Function-calling is a powerful feature in large language models (LLMs), enabling interactions with external systems, real-time data retrieval, and the automation of complex workflows. OpenAI, for example, allows developers to register functions directly with their assistant, eliminating the need to include the functions in the prompt itself. However, there’s an often-overlooked drawback: hidden costs. In fact, OpenAI’s system includes all registered functions in the prompt during processing, creating significant token overhead with each request — even when functions are not actually used.
Measuring Hidden Costs of Registered Functions
To understand the impact, let’s start with a baseline prompt that doesn’t require any function calls:
Capital of Canada
This simple prompt, with no functions registered, uses 65 input tokens.
Once we register functions — even without calling them — the token count increases significantly due to the automatic attachment of the full function set. For our measurements, let’s use OpenAI’s sample get_weather function:
{
"name": "get_weather",
"description":"Determine weather in my location",
"strict": true,
"parameters": {
"type": "object",
"properties": {
"location": {
"type": "string",
"description": "The city and state e.g., San Francisco, CA"
}, "unit": {
"type": "string",
"enum": ["c", "f"]
}
},
"additionalProperties": false,
"required": ["location", "unit"]
}
}
Token Overhead with Registered Functions
Here are some measurements using the simple prompt against various number of registered functions:
This overhead accumulates even when functions remain unused, resulting in a high token count solely from having functions registered. Additionally, the size of a basic function like get_weather is minimal, which is manageable with a single function. However, with a larger function set — such as 50 functions — more detailed descriptions are necessary to help the LLM accurately distinguish between them. Moreover, many functions will be inherently more complex than a simple weather function. Therefore, the overhead values in the table represent the most optimistic estimates, and actual usage could be substantially larger.

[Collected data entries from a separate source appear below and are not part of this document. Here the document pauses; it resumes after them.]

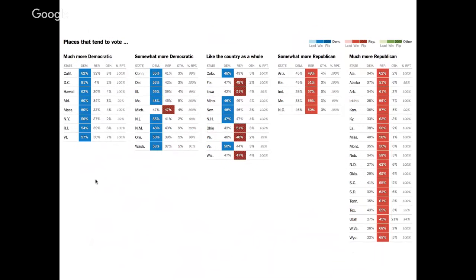That's why we also published a view of election results that we call the big board — it's a table where states are organized into five columns based on how close the race is expected to be. The states on the left are expected to go easily for Hillary Clinton, and the ones on the right were expected to go easily for Trump. As the night goes on, when one of them wins one of those states, it's not very significant. But as more results come in, the table allows us to focus on those states in the middle and see if anything unexpected is happening or if one candidate is winning a large number of those close races.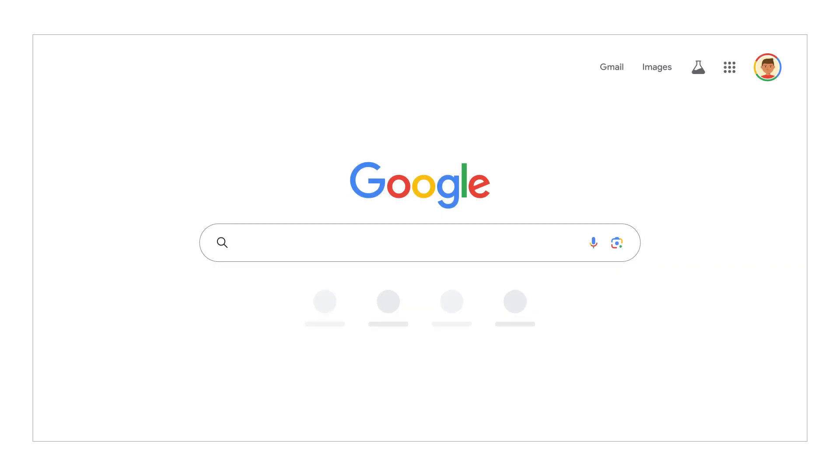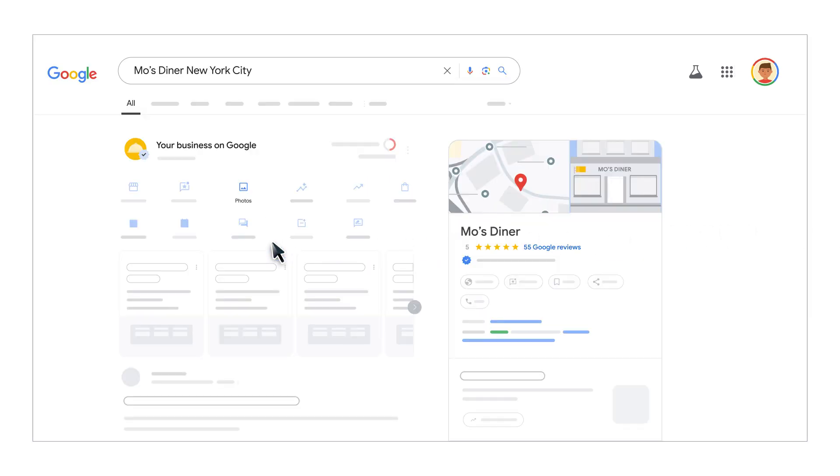To add photos, first you need to find your business profile. On your computer, open Google search. Search for your business's name and city.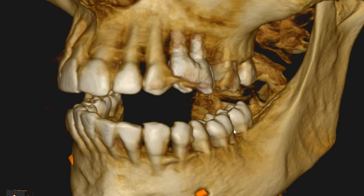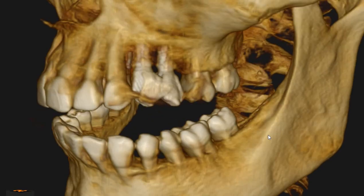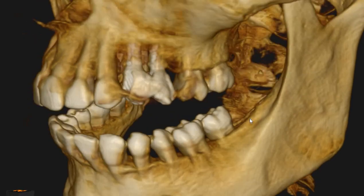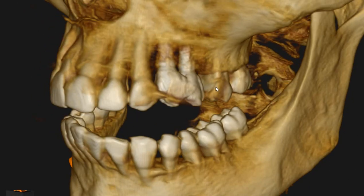Hello and Assalamu alaikum. Ultrascan Diagnostics here. This is the CBCT of the patient which you had requested. The area of interest is the 3, 4, 5, and 6 region.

Additional Costs When Functions Are Called
When a function is actually called — such as with the prompt “Weather in Taipei” — the token usage increases further:
In this case, there is in fact two submissions to the LLM — the first being the original prompt and the second with the invoked function results. It seems that even in the second submission, the entire function set is attached to the prompt.
Contextual Function-Calling
To address these hidden costs, a more efficient approach could be Contextual Function-Calling. Instead of registering a static list of functions, Contextual Function-Calling dynamically selects functions based on the specific prompt and attaches only those that are relevant. This approach would break function-calling into two phases:
1. Function Identification Phase: The LLM evaluates the prompt to identify relevant functions, filtering out any that don’t apply. If none are needed, the LLM proceeds without adding functions to the prompt.

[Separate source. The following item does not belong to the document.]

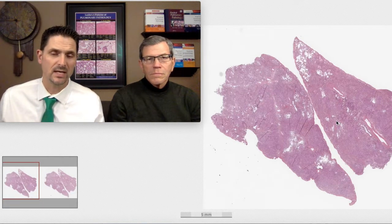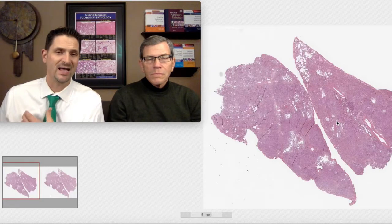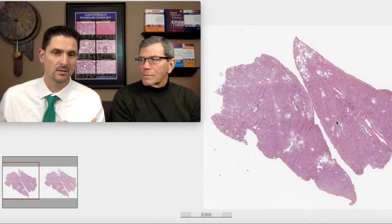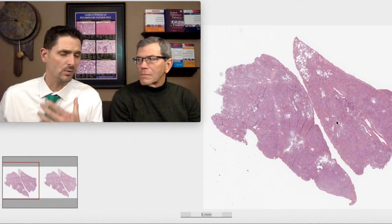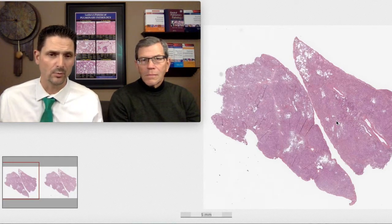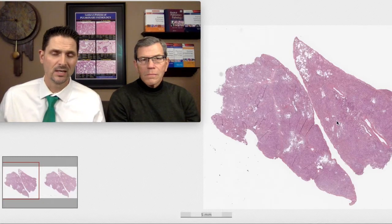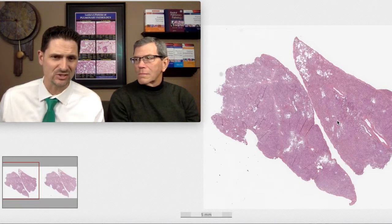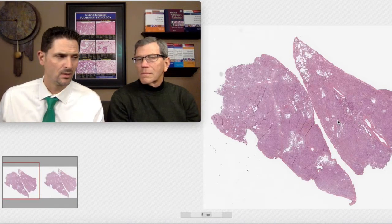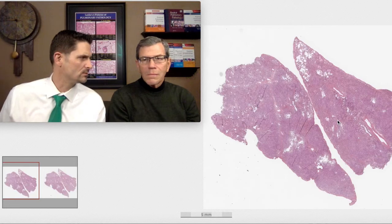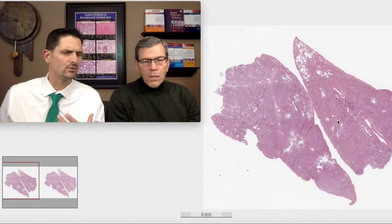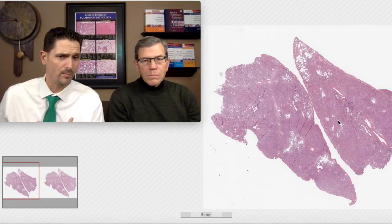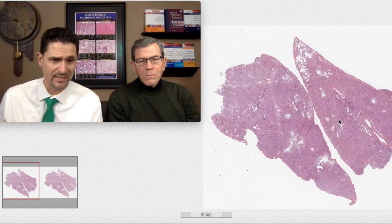Of course, he has a CT scan. He has bilateral ground glass opacities that don't really show an upper or lower lobe distribution, with superimposed areas of consolidation. So: bilateral ground glass opacities with superimposed consolidation — what does that mean to you?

2. Parameter Mapping Phase: Once relevant functions are selected, the LLM extracts prompt entities and maps them to function parameters.

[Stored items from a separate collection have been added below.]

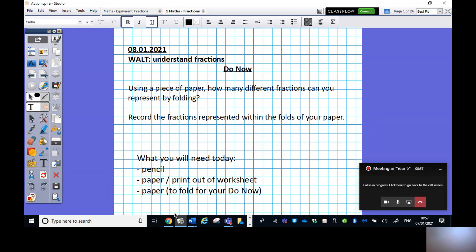Good morning everyone, welcome to maths. We're starting a new topic today: fractions — we're learning to understand fractions. For this lesson you will need a pencil, a printout of the worksheet if you have a printer, or some paper if not. You will also need one sheet of paper to complete the do-now activity.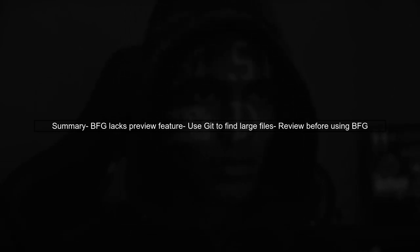In summary, while BFG RepoCleaner does not provide a direct way to preview deletions, using Git commands allows you to identify large files beforehand.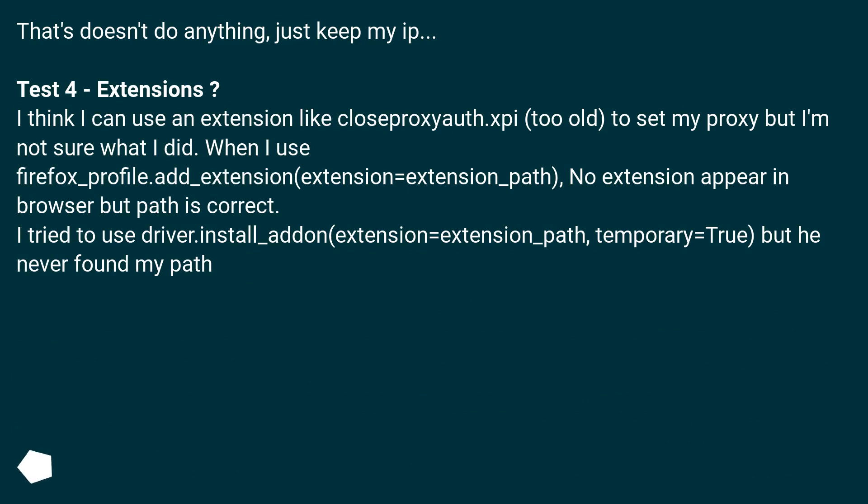I think I can use an extension like closeproxyauth.xpi (too old) to set my proxy, but I'm not sure what I did. When I use firefox_profile.add_extension(extension=extension_path), no extension appear in browser but path is correct.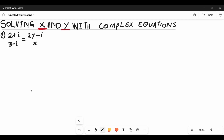What's up guys, welcome back to the channel. During this video we'll be solving X and Y with complex equations. We have this complex equation that you see here — you can pause this video and try to solve this problem and let's see if you can find X and Y.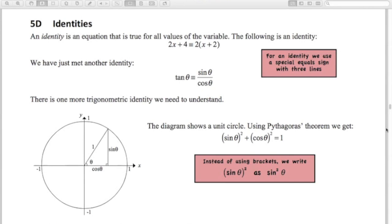Hi, thanks for watching. I hope these videos are helping you out. In this video we're going to be talking about identities. This is for the P1 trig unit — identities.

This approach could greatly reduce token usage by including only the functions that are contextually necessary. For example, with Contextual Function-Calling, a prompt like “Capital of Canada” would avoid unnecessary functions, while a prompt like “Weather in Taipei” would attach only the get_weather function. By focusing on context to determine function relevance, this method could significantly cut costs, particularly in complex cases with extensive function libraries.
Contextual Function-Calling introduces a dynamic, context-aware approach to function selection, potentially transforming function-calling into a far more cost-effective and scalable solution in LLM applications.